Your task: Look through the data below. Show each line where the string "Leather" occurs.

Data records:
※ ※ ※

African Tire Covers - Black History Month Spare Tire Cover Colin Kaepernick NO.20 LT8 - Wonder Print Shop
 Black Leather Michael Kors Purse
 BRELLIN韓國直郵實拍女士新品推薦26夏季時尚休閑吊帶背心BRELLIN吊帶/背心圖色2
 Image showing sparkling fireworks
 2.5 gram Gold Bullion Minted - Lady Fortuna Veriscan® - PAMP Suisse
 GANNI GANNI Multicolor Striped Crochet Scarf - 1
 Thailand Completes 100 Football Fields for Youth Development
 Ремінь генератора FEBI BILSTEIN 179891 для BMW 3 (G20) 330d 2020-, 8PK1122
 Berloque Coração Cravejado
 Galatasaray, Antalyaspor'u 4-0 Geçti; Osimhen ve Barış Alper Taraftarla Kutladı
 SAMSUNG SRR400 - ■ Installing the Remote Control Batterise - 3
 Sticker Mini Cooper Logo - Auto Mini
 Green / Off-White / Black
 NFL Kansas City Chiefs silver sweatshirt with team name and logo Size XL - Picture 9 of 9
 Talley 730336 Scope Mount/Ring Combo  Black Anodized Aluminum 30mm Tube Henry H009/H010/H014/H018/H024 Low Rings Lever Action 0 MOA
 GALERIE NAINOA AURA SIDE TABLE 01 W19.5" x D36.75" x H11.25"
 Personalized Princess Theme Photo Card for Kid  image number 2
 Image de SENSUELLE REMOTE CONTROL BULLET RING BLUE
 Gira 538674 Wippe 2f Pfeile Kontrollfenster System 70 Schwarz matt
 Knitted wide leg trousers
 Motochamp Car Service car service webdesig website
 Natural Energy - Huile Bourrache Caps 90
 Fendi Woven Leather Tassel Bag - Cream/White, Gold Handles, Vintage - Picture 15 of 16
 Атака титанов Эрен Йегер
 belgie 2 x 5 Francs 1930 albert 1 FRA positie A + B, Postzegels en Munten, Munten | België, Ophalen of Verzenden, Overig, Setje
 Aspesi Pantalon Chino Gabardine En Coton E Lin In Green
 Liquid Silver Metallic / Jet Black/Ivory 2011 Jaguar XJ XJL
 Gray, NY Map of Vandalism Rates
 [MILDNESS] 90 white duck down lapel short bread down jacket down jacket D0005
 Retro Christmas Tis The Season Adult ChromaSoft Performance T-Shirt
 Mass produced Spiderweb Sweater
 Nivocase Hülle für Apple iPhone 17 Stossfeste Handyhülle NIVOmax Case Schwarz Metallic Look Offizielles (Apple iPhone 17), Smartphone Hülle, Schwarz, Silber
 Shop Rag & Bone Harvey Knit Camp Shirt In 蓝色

※ ※ ※

Exercise response:
 Black Leather Michael Kors Purse
 Fendi Woven Leather Tassel Bag - Cream/White, Gold Handles, Vintage - Picture 15 of 16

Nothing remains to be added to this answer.